While waiting for the time to pass when I could take Elliot to Marin, life became a series of walking him and introducing him to neighbors as we passed. Elliot showed his social proclivities. He loved people. He also loved children and other dogs, at least the ones that weren’t aggressive. He didn’t pay too much attention to cats.

However, as we walked up and down the steep hills surrounding my home, I began to notice a change. Whenever we came to a house where he had met someone, or when voices drifted out from homes, he would stop heeling and pull towards the driveways. When I pulled back, he showed his other side. He would sit down and refuse to move. Sometimes he jumped up, and I had to fight him to get down. He had a strong stubborn streak.

When we returned to our house, he refused to climb the porch steps. He sat and stared at me, as if to say “you can’t make me.” Elliot had a mind of his own.

This had to stop. I filled my pockets with reward goodies and stepped up the dog training. It seems to be working – everything but the steps. I can’t help wondering whether they have something to do with his bone problems, but I don’t really think that’s it.

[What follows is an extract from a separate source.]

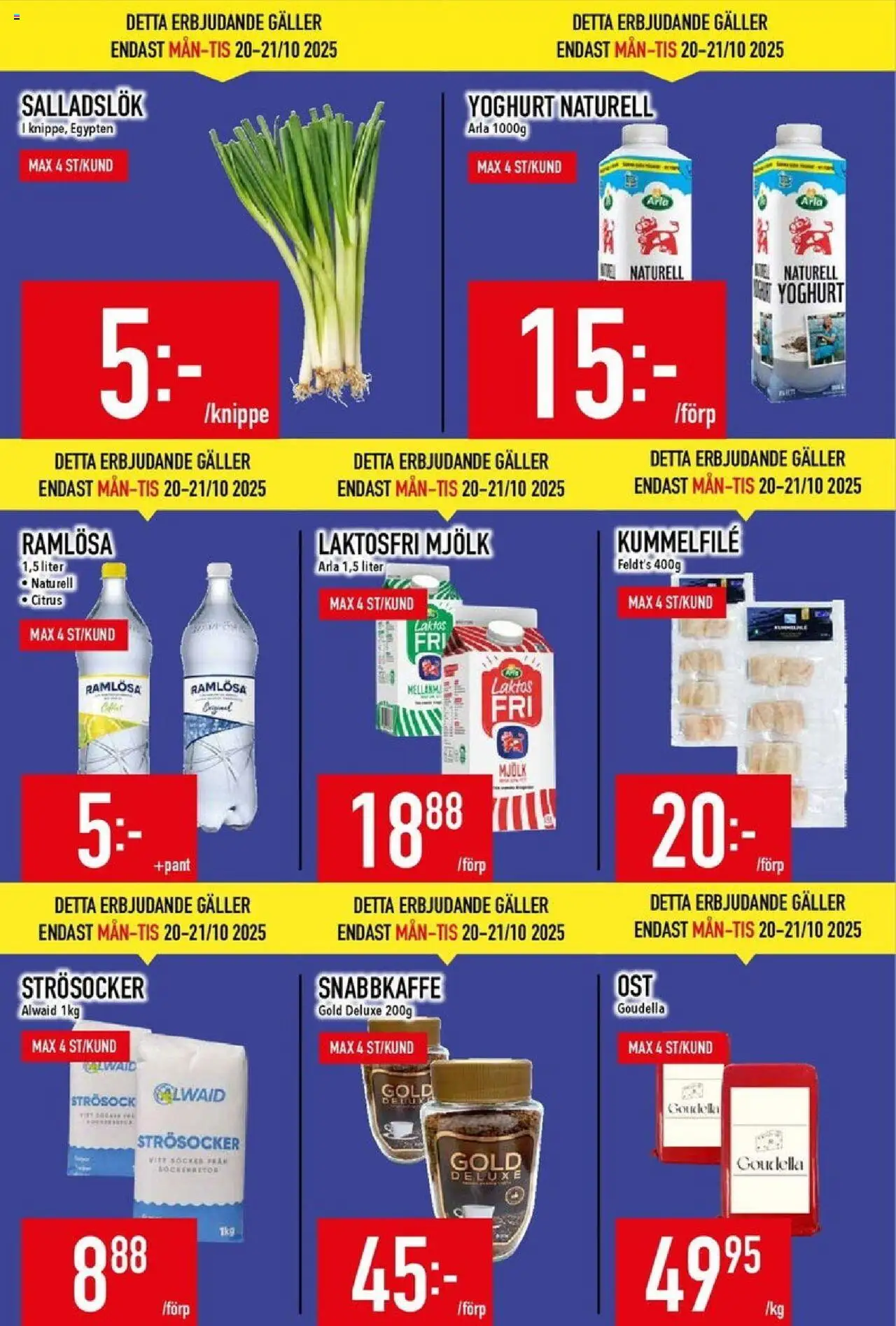 Matdax reklamblad aktuell från 20.10.2025 | Sida: 2 | Produkter: Strösocker, Galler, Mjölk, Yoghurt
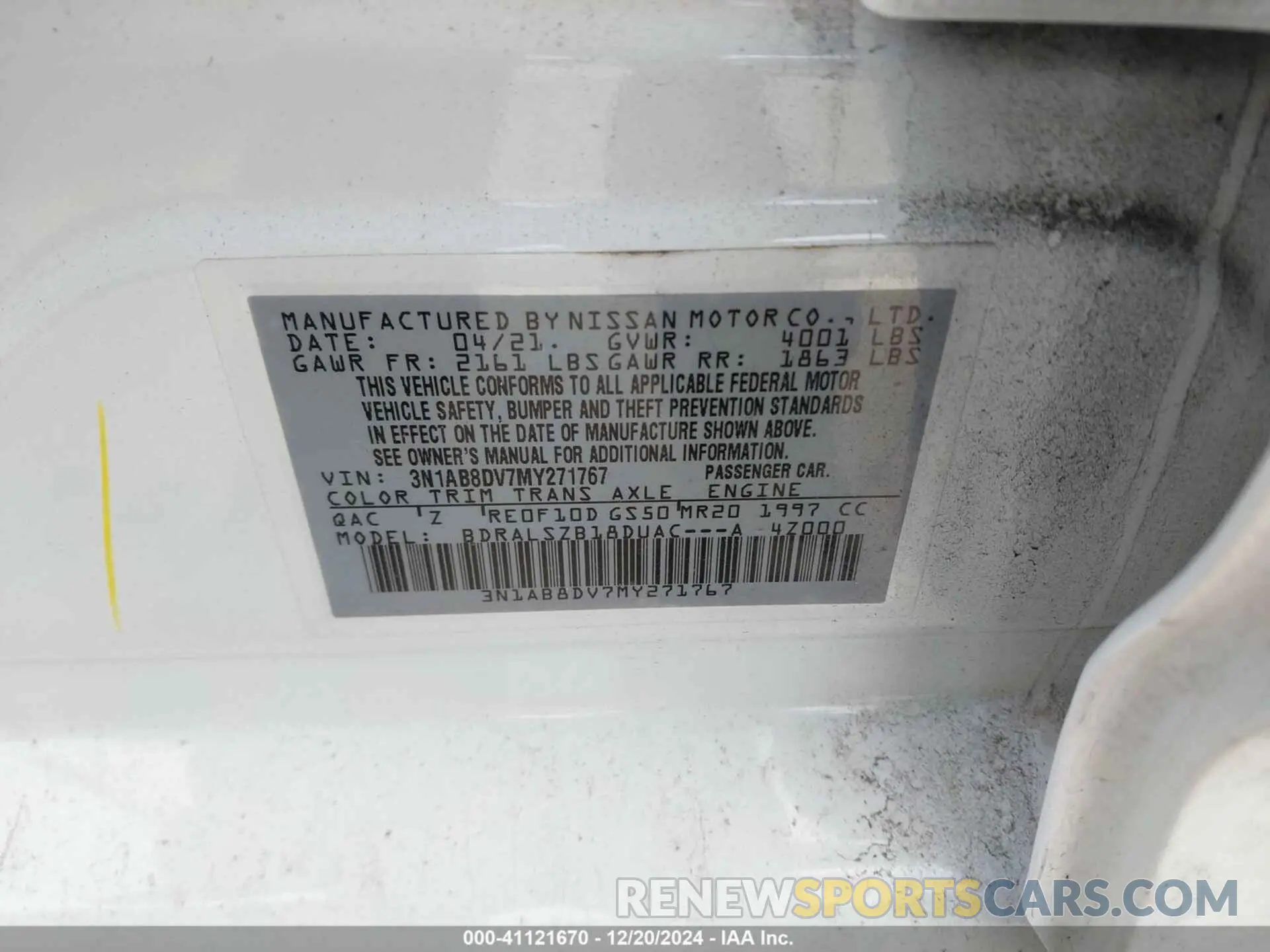 9 Photograph of a damaged car 3N1AB8DV7MY271767 NISSAN SENTRA 2021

Then came the puppy problems. Elliot chewed the corner of the living room
carpet. Luckily, he pulled the corner over and chewed underneath. I covered it with 100 % cayenne pepper. He has not gone near it again.

Elliot is still the sweet loving dog I adopted, but with a few glitches. I had forgotten how much energy it takes to train a puppy, a 70 pound one at that. Dog training classes are definitely on the agenda.

Saturday, July 24, 2010

Finding Elliot


He wasn’t my first choice.
When I walked through the rows of caged dogs at the Mendocino Animal Shelter, all looking for someone to take them home, it was six months after my dog, Sarah, a Husky mix rescue dog, had been put down. She was fourteen-and-one-half years old. I was finally ready for another dog.
I was looking for an adult dog. A large one, maybe four or five years old. Most of the shelter dogs were younger. I geared into three dogs that turned out to be unavailable at the time. It was my daughter who attached herself to Elliot, a reddish brown Rhodesian Ridgeback mix with stitches in one eye, lying on a bed in his kennel. He was estimated to be one or two years old.

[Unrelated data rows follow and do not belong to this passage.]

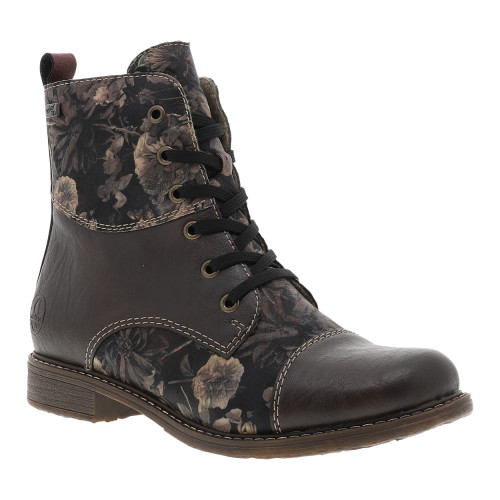 Thumbnail Bottines marron à talon plat ornées d'un empiècement à motif floral - Image 2
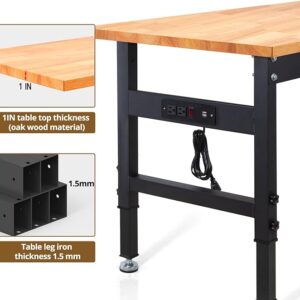 RetailHuntUSA Work Bench, Height Adjustable Workbench Heavy Duty Oak Wood Desktop Work Table with Power Outlets for Garage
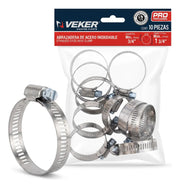 Abrazadera Reforzada 12591 Acero Inox 19-44mm Veker 10pzs
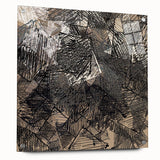 Geometric Moody Modern Wall Art – Abstract Black & Beige Canvas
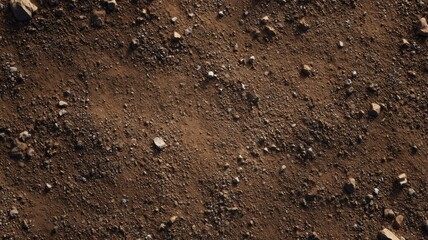 Rugged earthy terrain with rock scatter. AI image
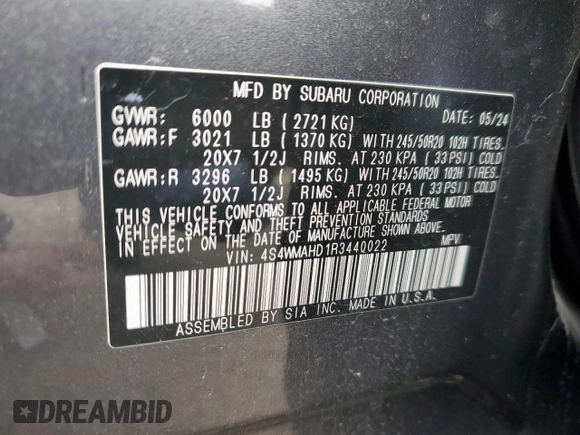 2024 Subaru Ascent Onyx with VIN 4S4WMAHD1R3440022, listed as a Copart auction lot 49812765 with 11,337 mi miles and Salvage title. Bid and sale history available at DreamBid. Image 14.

“I don’t think so,” I said. This dog was not what I had in mind.

“Why don’t you at least walk him?” She pushed the issue while the Adoption Coordinator took him from his kennel and put him on a leash.

Why not? I thought. Walking him wouldn’t change anything. I knew what I wanted.

I couldn’t believe how huge he was. And, the size of his paws indicated he was going to get bigger.

Elliot placed himself at my side, his massive Rottweiller head pressed against my thigh and automatically heeled, occasionally looking up at me for approval. He was one sweet dog. His rear end wiggled in ecstasy, his whip-like tail ending in a black hairy tuft wagged, and he loped along in a gangly puppy gait. Closer to one year than two, I thought.

I was hooked. Before long the two of us were on our way home.